* _THE RECORDS_:
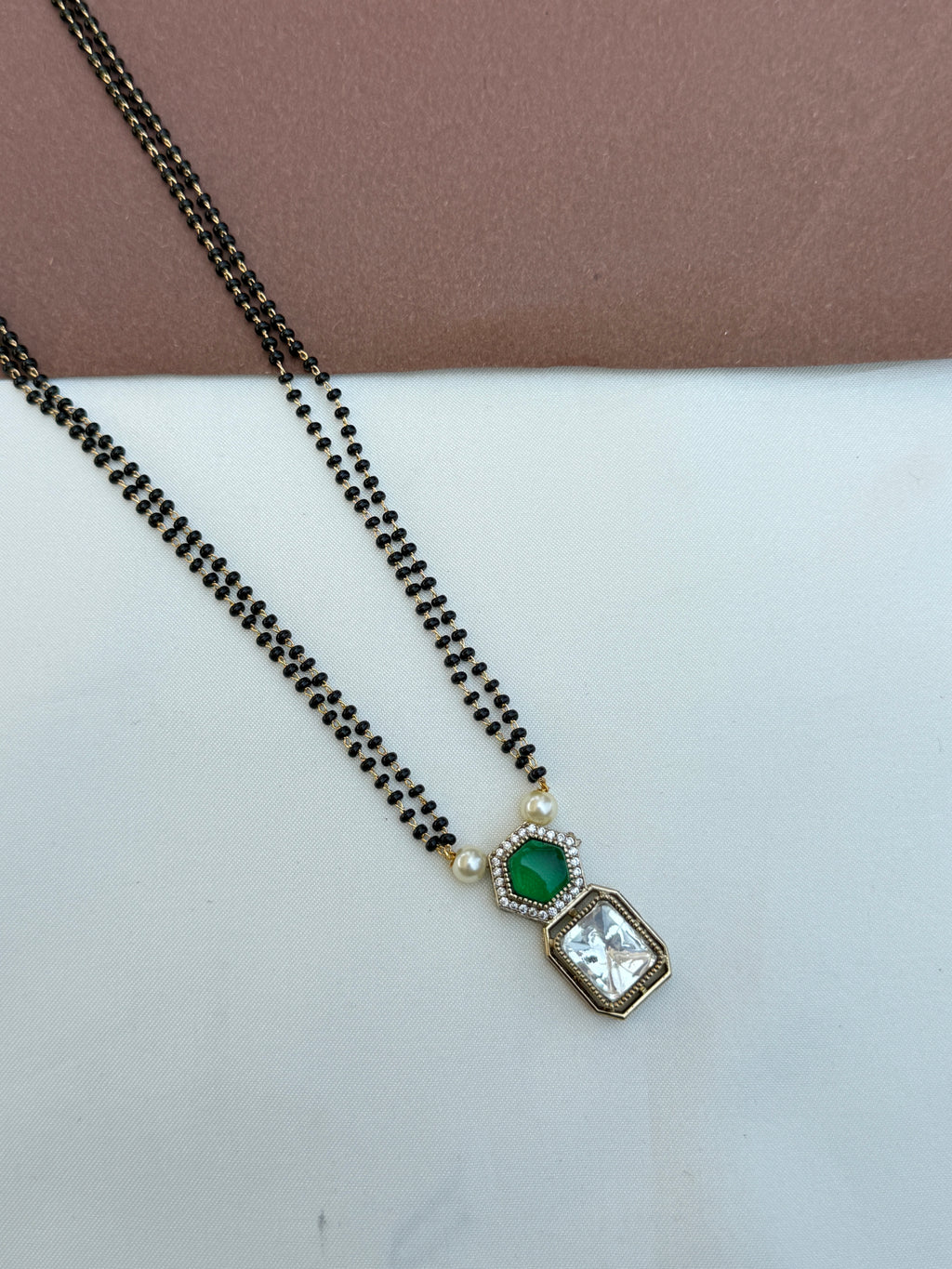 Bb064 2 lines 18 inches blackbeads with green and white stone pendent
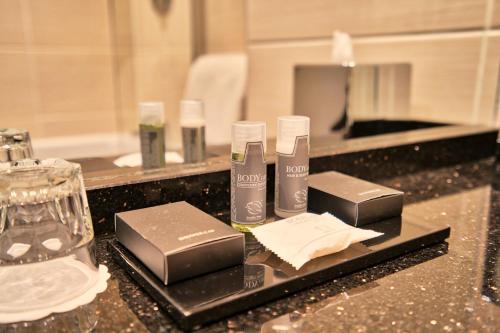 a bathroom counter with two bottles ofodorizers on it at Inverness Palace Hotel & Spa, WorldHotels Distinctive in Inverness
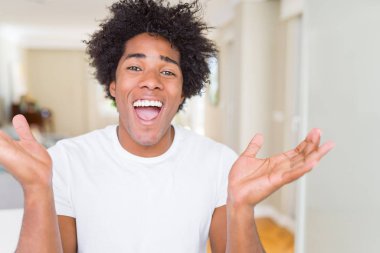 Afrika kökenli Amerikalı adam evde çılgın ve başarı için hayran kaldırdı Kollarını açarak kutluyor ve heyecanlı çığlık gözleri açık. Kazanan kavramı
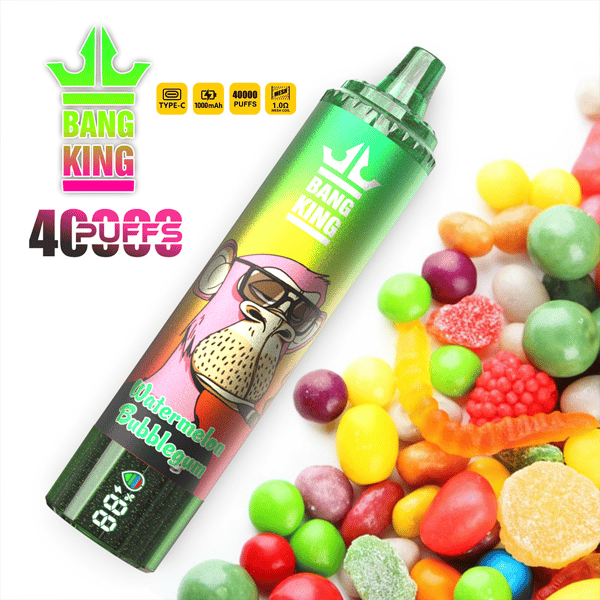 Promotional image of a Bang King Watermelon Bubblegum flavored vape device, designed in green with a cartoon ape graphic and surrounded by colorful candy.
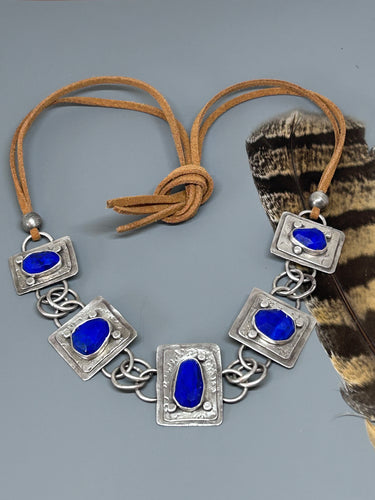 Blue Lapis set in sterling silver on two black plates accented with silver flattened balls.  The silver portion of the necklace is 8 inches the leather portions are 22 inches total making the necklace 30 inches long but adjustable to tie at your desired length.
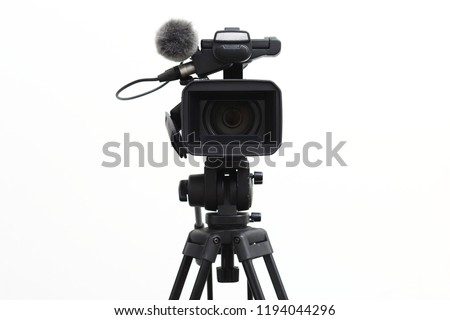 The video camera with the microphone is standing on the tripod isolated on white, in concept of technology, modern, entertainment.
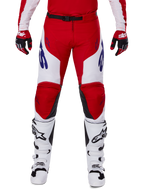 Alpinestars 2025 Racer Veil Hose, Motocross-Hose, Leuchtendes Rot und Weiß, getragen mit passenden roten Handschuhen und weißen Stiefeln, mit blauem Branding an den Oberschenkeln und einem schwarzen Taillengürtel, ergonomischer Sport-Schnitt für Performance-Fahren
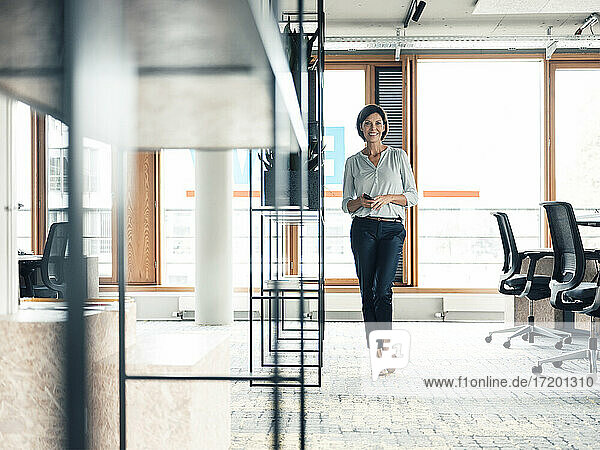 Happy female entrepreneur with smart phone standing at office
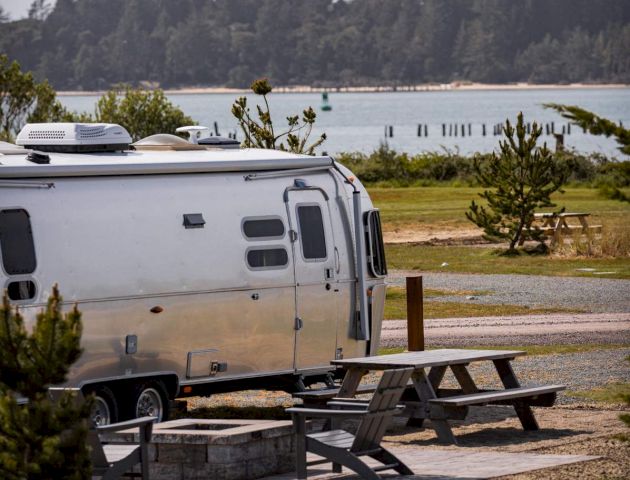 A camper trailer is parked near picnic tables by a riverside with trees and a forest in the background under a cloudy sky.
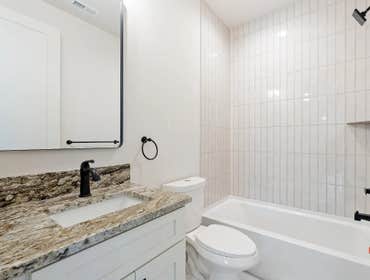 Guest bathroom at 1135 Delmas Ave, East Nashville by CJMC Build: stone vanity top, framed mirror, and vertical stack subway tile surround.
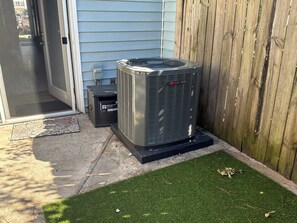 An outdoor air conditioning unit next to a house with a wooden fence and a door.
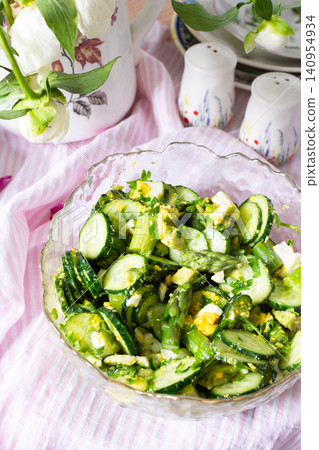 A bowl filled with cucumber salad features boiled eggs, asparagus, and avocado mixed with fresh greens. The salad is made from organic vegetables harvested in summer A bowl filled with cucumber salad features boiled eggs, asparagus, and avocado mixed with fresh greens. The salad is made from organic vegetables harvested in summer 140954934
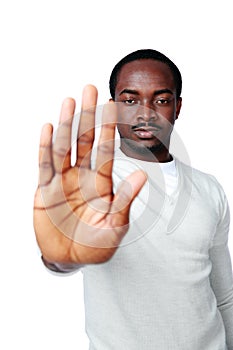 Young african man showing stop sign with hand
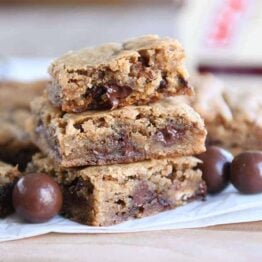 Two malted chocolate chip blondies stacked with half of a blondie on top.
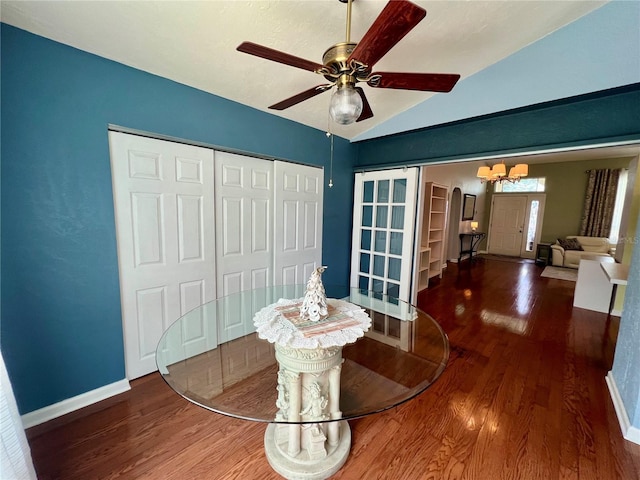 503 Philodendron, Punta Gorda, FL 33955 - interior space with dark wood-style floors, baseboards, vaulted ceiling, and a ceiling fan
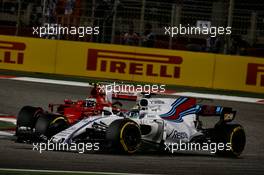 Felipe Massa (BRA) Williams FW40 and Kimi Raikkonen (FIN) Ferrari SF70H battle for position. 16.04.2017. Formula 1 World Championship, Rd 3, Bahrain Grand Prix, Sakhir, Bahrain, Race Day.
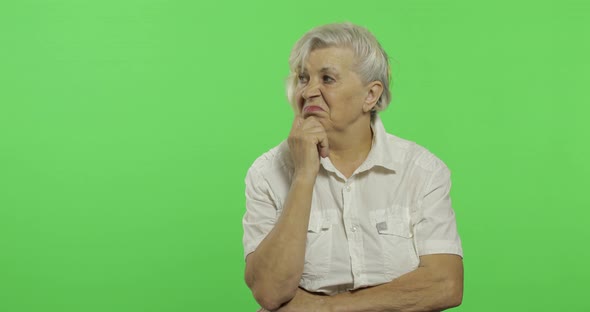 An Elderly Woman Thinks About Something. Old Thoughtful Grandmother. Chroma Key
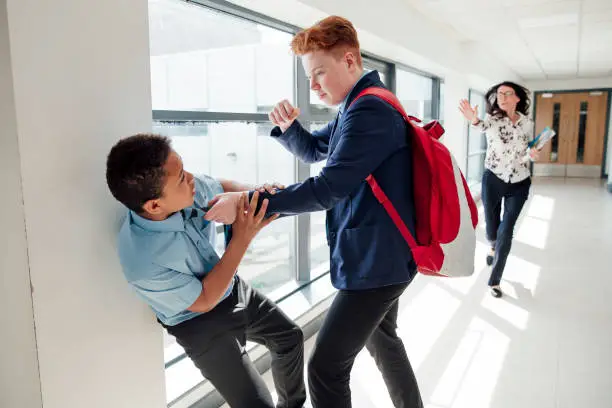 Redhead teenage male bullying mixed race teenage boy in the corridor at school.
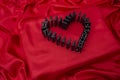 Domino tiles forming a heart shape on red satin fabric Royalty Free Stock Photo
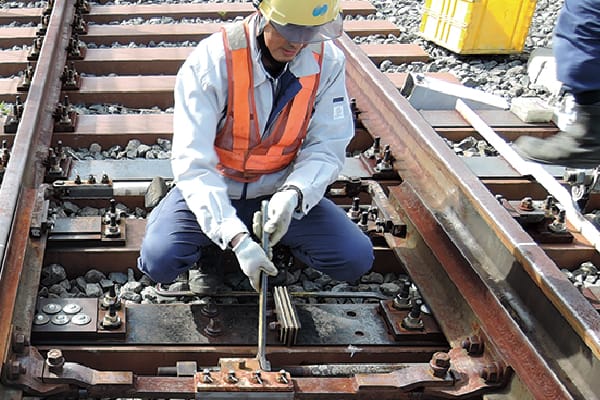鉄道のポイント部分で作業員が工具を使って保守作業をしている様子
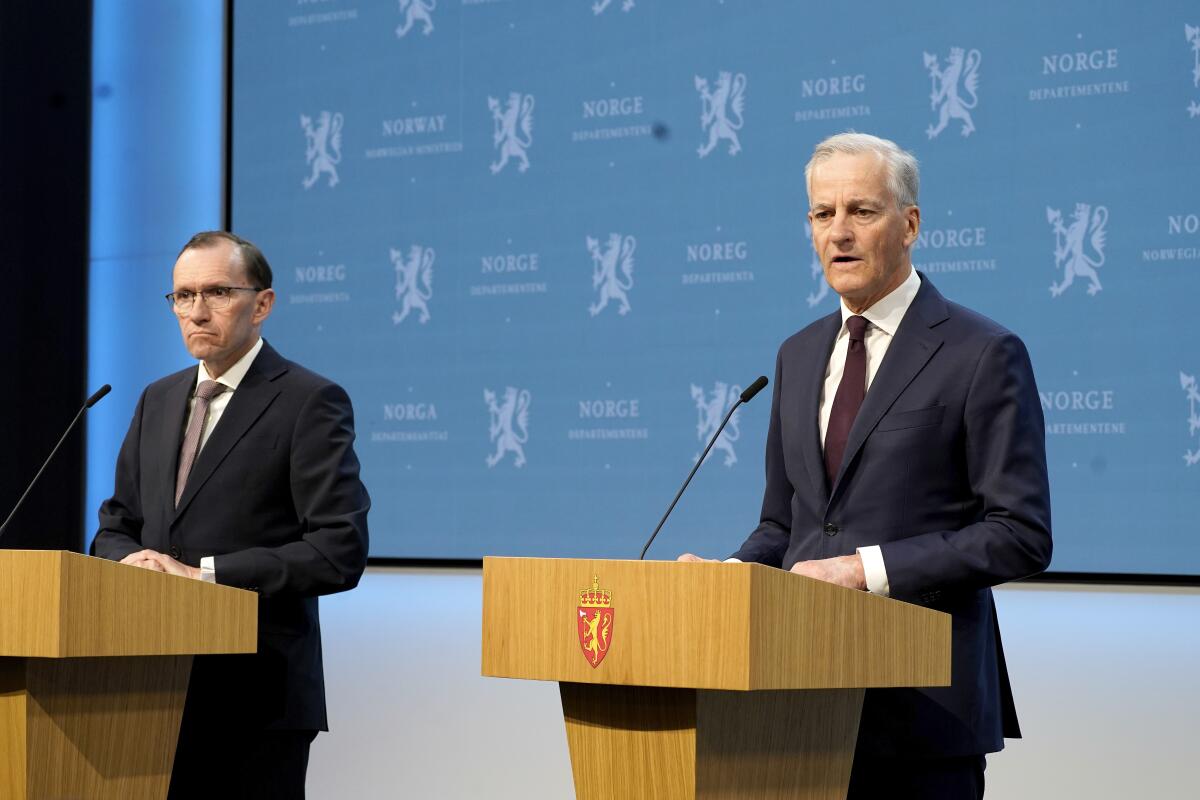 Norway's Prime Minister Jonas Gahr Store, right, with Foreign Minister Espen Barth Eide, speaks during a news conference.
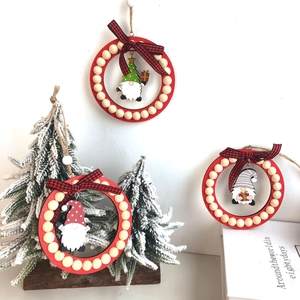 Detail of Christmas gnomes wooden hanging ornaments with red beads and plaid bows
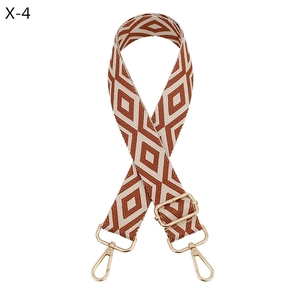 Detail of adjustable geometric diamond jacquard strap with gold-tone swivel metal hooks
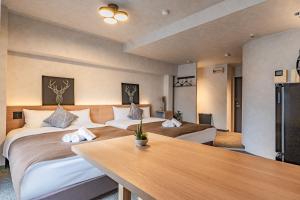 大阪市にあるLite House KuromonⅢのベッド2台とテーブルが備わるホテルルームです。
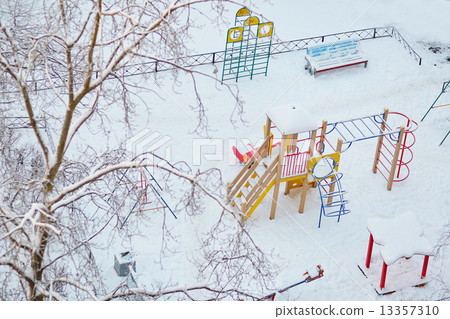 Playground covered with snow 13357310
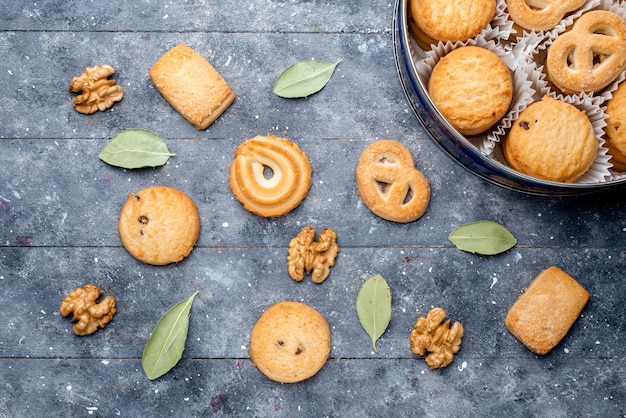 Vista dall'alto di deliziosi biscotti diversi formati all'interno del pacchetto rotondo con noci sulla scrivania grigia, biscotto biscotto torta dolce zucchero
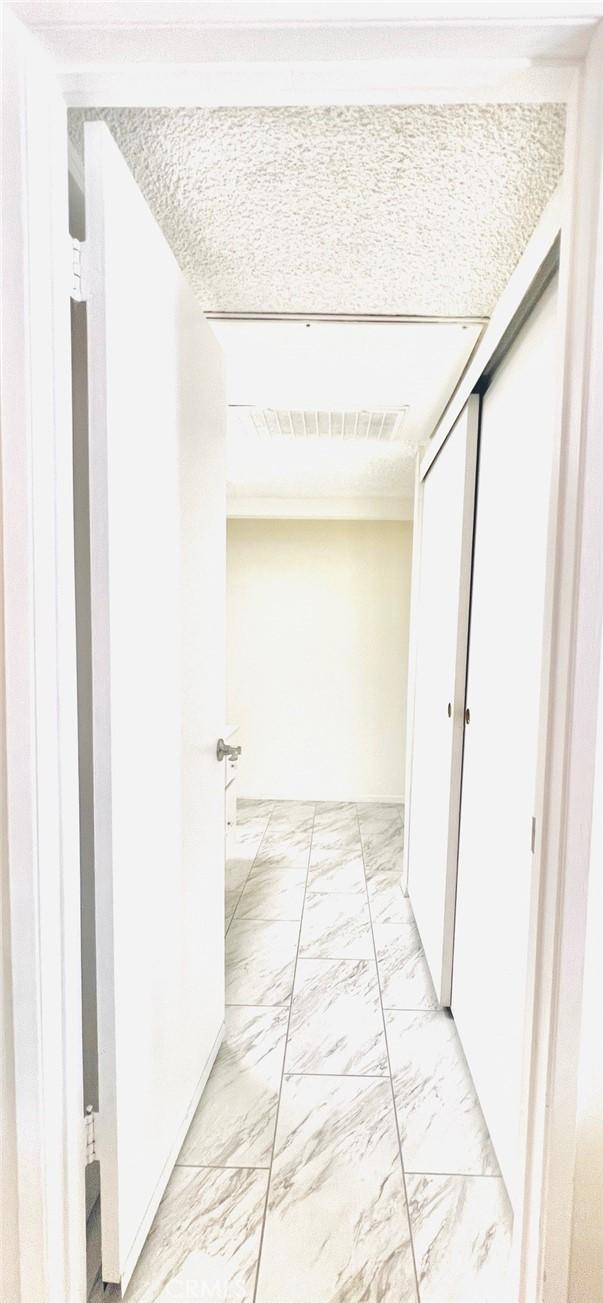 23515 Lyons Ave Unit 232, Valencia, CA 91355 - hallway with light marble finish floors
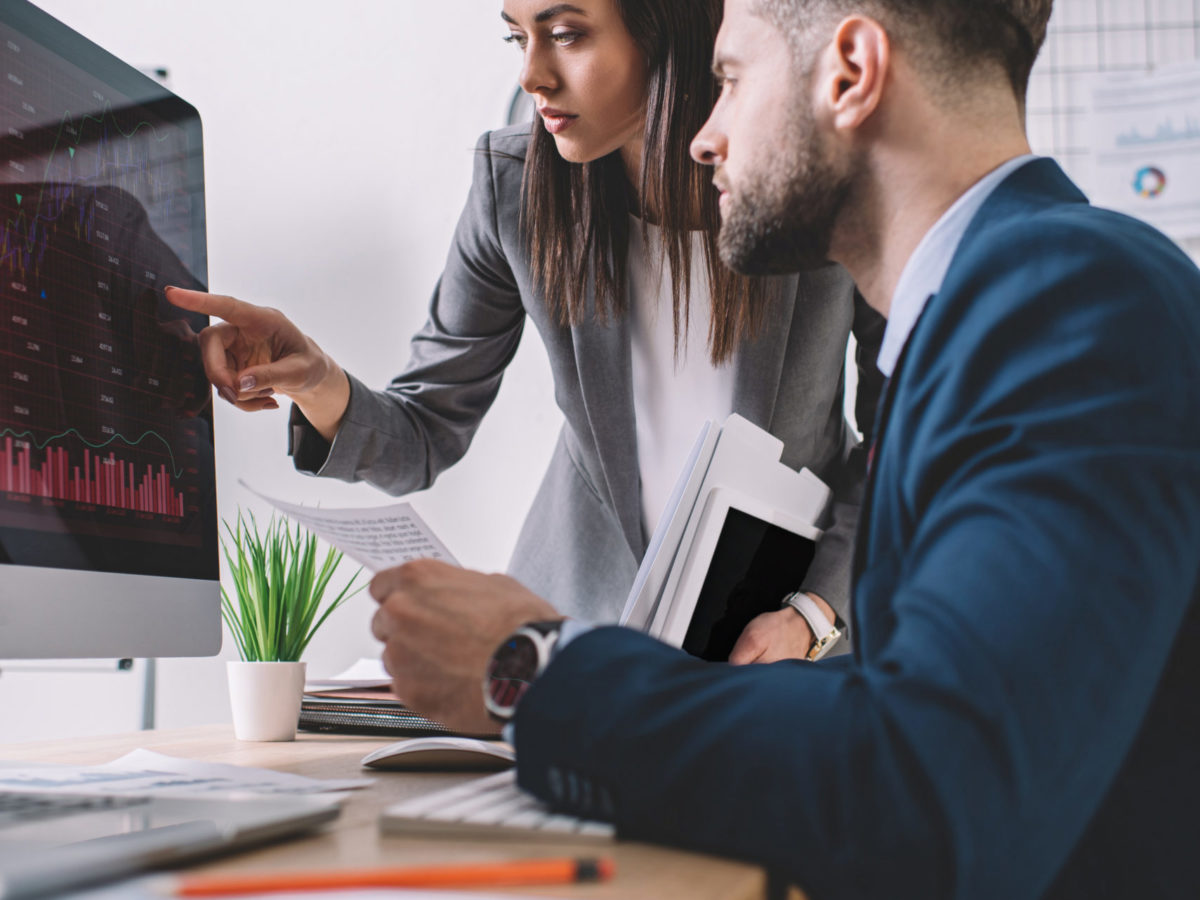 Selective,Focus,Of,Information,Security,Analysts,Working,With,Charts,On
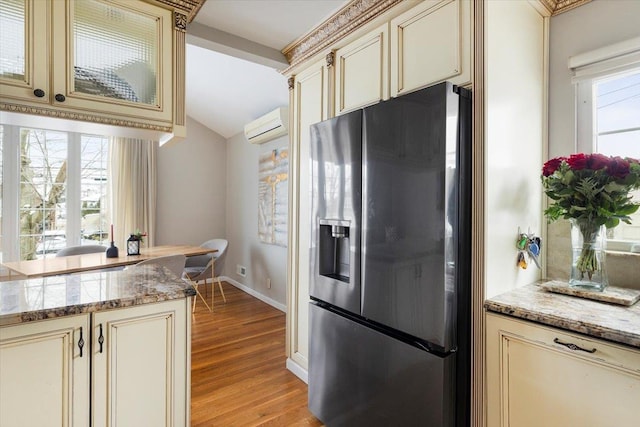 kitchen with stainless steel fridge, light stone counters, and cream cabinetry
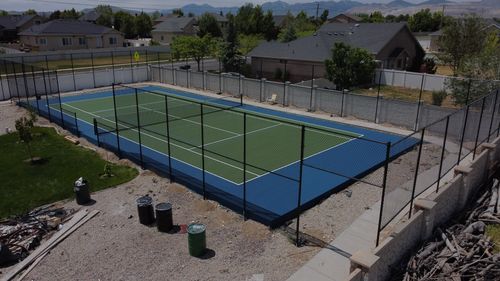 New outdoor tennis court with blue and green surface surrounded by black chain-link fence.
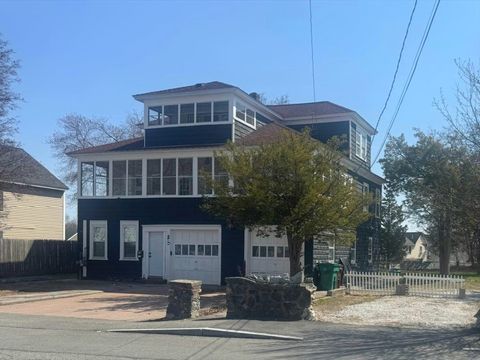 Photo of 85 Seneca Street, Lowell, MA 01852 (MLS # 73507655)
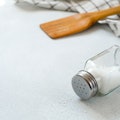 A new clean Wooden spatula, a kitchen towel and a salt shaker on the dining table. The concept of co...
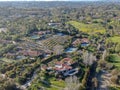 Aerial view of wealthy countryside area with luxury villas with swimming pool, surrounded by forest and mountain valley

* _PROBLEM DESCRIPTION_:
Please output the lines from the line that holds "A new clean" through the final line of the material above, both included. Each line must match exactly, and pictures must be excluded.

* _WORKED SOLUTION_:
 A new clean Wooden spatula, a kitchen towel and a salt shaker on the dining table. The concept of co...
 Aerial view of wealthy countryside area with luxury villas with swimming pool, surrounded by forest and mountain valley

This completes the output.